Published July 16 2011
Two tales of order, disorderIn reply to Ruth Kihm’s article addressing the spin on the insensitivity of Rep. Rick Berg, R-N.D., in his comments about the Minot flood:
This is not an endorsement of Berg but a clarification of the facts in the debate concerning rational and intellectual order on the contrast and comparison that is obvious.
If Kihm would have done her research or homework on the New Orleans spirit and intellectual disorder, she would have found many discrepancies in the state government’s decisions that effected the amount of damage in New Orleans.
Some call it corruption in New Orleans; others call it just an unfortunate incident. Conclusions without facts. Two different perspectives on the ordeal.
Then-Gov. Kathleen Blanco didn’t call up the National Guard until after the fact. People blamed President George W. Bush for that, but he couldn’t make the decision because of the rule of posse comitatus. States’ rights had precedent.
It appeared that New Orleans Mayor Ray Nagin, who had a degree in accounting, had school buses and other vehicles at his disposal, but the school buses were in such disrepair they could not be used. So much for concern for the elderly of New Orleans.
The newspapers in New Orleans brought this to the public’s attention and made the point that Nagin never forced an evacuation as Hurricane Ivan threatened the city, but suggested if people stay, they should put an ax in their attic. Good suggestion, yet no evacuation notice.
These cities manage budgets differently. One city council and mayor (Minot) use intellectual order, while the other city commission (New Orleans) uses intellectual disorder or corruption as an excuse; mainly it’s someone else’s fault.
Both state governments exercise volition, or a certain type of will and intelligence, yet one operates in good faith, concern and order
and the other in the way evil works.
There was little looting that I heard of in Minot. Yet in New Orleans, there was a rash of it. Contrasting and comparing is a good thing, which we all need to do in our debate on these subjects. This comparing means there are rights and wrongs in how governments work.
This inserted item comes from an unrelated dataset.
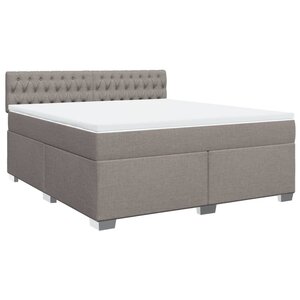 vidaXL Sommier à lattes de lit avec matelas Taupe 180x200 cm Tissu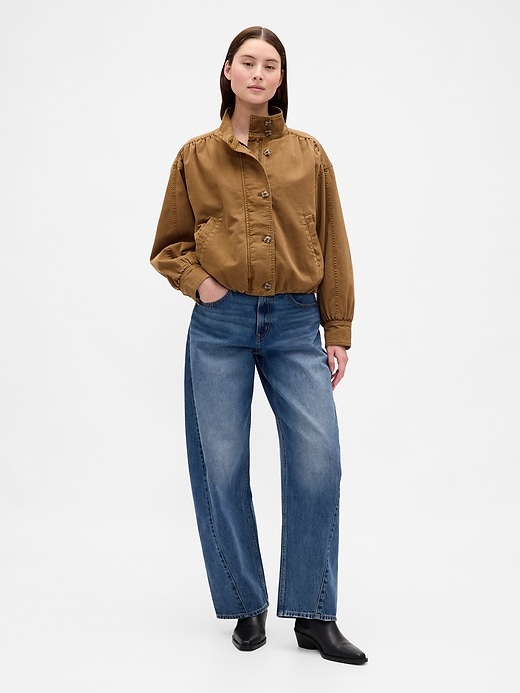 2 of 8 showing, with the color Palamino brown of product Oversized Twill Bubble Jacket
When New Orleans’ books were opened, they found money from the federal government (taxpayer money) that was intended for police officer positions but was not used for such; about 800 police officers were phantom officers. Isn’t that strange, or simply how evil works? Corruption and diversion of taxpayer money to heaven only knows where. This money could have been used to repair the buses that lay idle and were never used, and saved hundreds of lives.
Do I think Berg ought to apologize? NO! He did his contrasting and comparison with the good folks of North Dakota compared to other states and how they’ve handled their tragedies and Mother Nature’s wrath.
North Dakota has some wonderful people who help each other out, and we have a state that has a balanced budget, with no phantom police officers on the rolls. Kudos to any Democrat or Republican who gives credit to North Dakota for its spirit, its stick-to-itiveness and its moral tenacity. We are a great state run by great statesmen.
The above criteria are how I made my judgments and came to my conclusions on the difference concerning what is intellectual disorder and intellectual order. I stand by those criteria reference points.